Chapter 5What Every Executive Needs to Know about Millennials

Media is like an environment; it takes us over, and sort of consumes us in many ways … Media, in some ways, determines or dictates who can say what to whom, what they can say, how it will be said, etc. And so, when media change—our conversations change.

—Michael Wesch1

When I recently made a presentation to a company retreat of senior executives, I mentioned our research on Millennials (those born between 1980 and 2000). Immediately, the room temperature increased. Strong opinions bounced around the room like beach balls. Adjectives were barked and growled like profanity: “disrespectful,” “entitled,” “antisocial,” “uncaring.” Several snapped variations of, “They never answer their phones or e-mail” or “They're all like Justin Bieber, Miley Cyrus, or Jersey Shore.

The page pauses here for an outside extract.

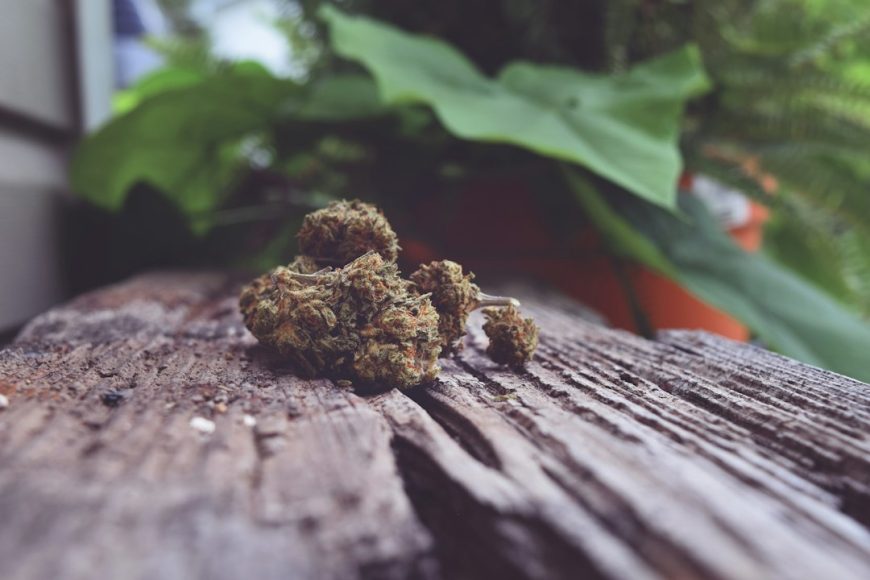 Comprar CBD hash en España: guía para elegir tu resina de cáñamo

Wow. So that's your hot button.

I understand. Bob Johansen, author of Leaders Make the Future, writes, “The digital natives will be a disruptive force on a scale that we cannot yet imagine.2

Digital Natives and Digital Immigrants

“For my one-year-old daughter a magazine is an iPad that does not work. It will remain so for the rest of her life. Steve Jobs has coded a part of her OS.”

—YouTube Video

Ten years ago I wrote, “When the primary means of storing and distributing information changes, our worldviews change.”3 When technology changes the way people see and experience the world, it remakes children into different human beings. They grow up to form ...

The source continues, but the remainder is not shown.